REVIEW: Heir Apparent

Digital Science Fiction is a publisher of sci-fi anthologies.  Their latest volume, Heir Apparent, is an eclectic assemblage of stories that would fully have deserved its alternative considered title of Smorgasboard.  Ultimately this works to the good of the whole anthology.  Varying as it does in tone and style, it contains something for everyone.  If this is the quality of work that all of Digital Science Fiction’s anthologies contain, I look forward to sampling the other three volumes, as well as their future efforts. 

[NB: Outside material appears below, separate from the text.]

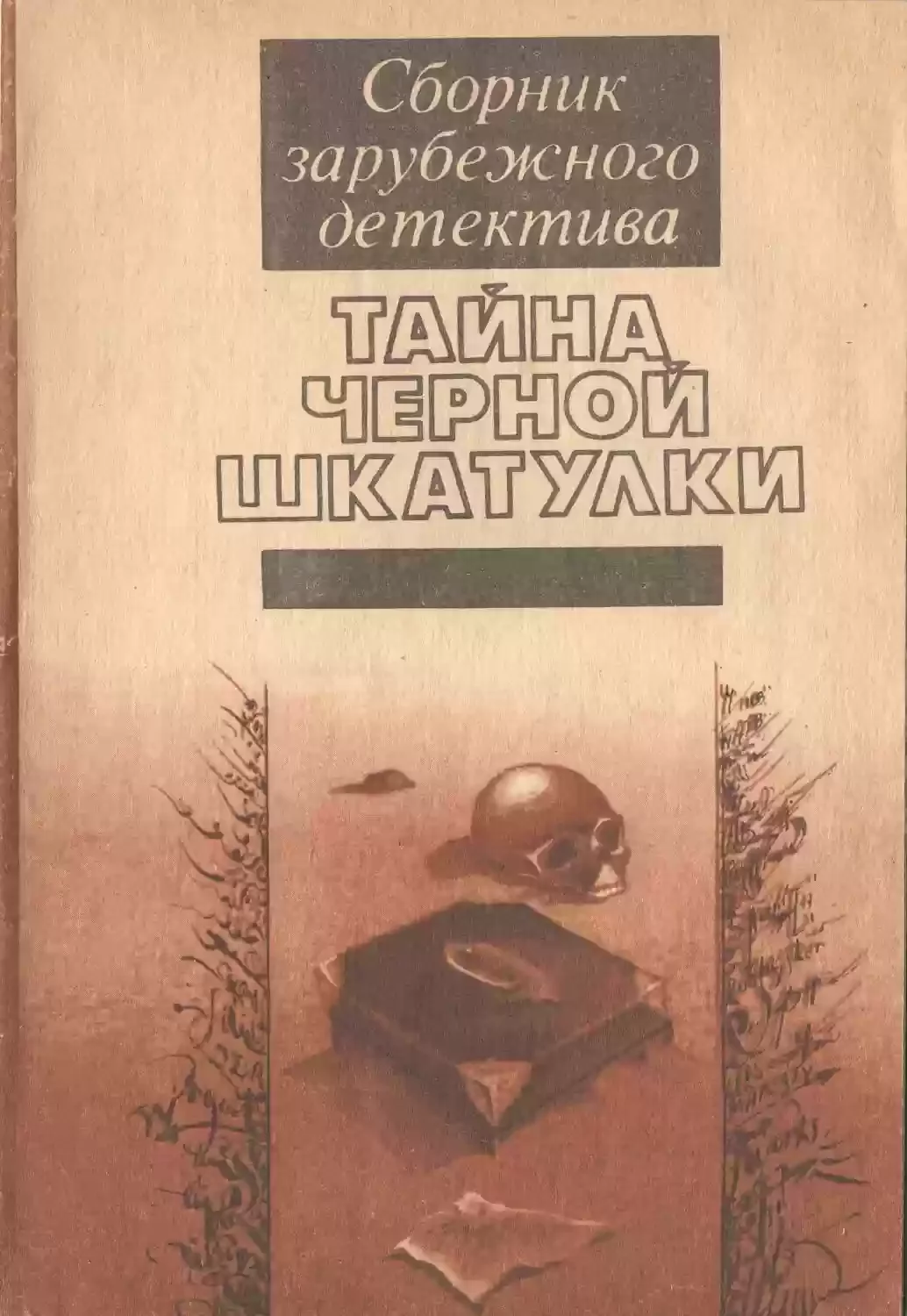 постер аудиокниги Тайна чёрной шкатулки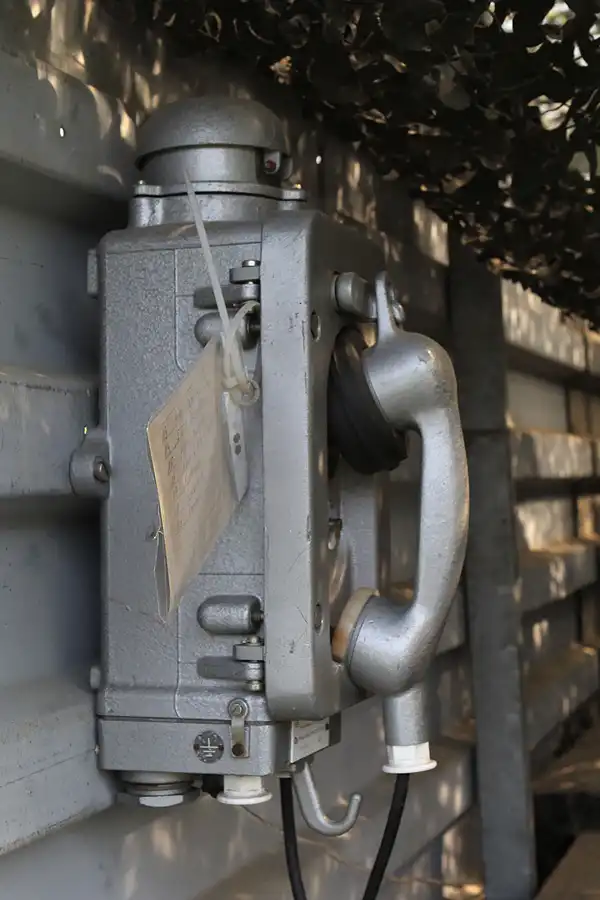 011 | 2014 | Ladeburg | Bunker Ladeburg – Gefechtsstand der 41. Fla-Raketenbrigade ´Hermann Duncker´ | © carsten riede fotografie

My personal favorite type of story is always the high-concept tale…the one that absolutely hinges for its effect on examining the everyday implications of some bizarre phenomenon.  Fortunately for me, this volume has several winners in that department.  The best of these, in my estimation, is “To Titan on the Daily,” which follows a private investigator tasked with tracking down a man who recently won a lottery where the winner gets one wish granted…and wished to become incredibly smart.  The story takes so many left turns from there that I would be depriving you of the pleasure of discovery by revealing any more.  Others in this category, also very good, are “Persistence of Memory” (what if soldiers could sign contracts that extend well beyond their lifetime?) and the alternatively hilarious and slightly creepy entry “Ghostbook” (what if the dead could sign on to social networks?)

Of course, there’s also something to be said for stories that simply want to drop you into the action and let you follow along.  Heir Apparent starts with one of these, “Floaters,” in which a security agent is sent on an expedition to bring back the body of an old comrade.  There’s only one problem:  the body’s identity has been forged.  “In the Arms of Lachiga” similarly deals with old comrades, but this time in a tale of intrigue and assassination that seems like something out of a Neuromancer-style universe.  My personal favorite here, though, is “Philosophy,” in which a life-or-death struggle against both some very old-fashioned aliens and a hostile environment resolves itself in an exchange that is as sharp as it is inspiring.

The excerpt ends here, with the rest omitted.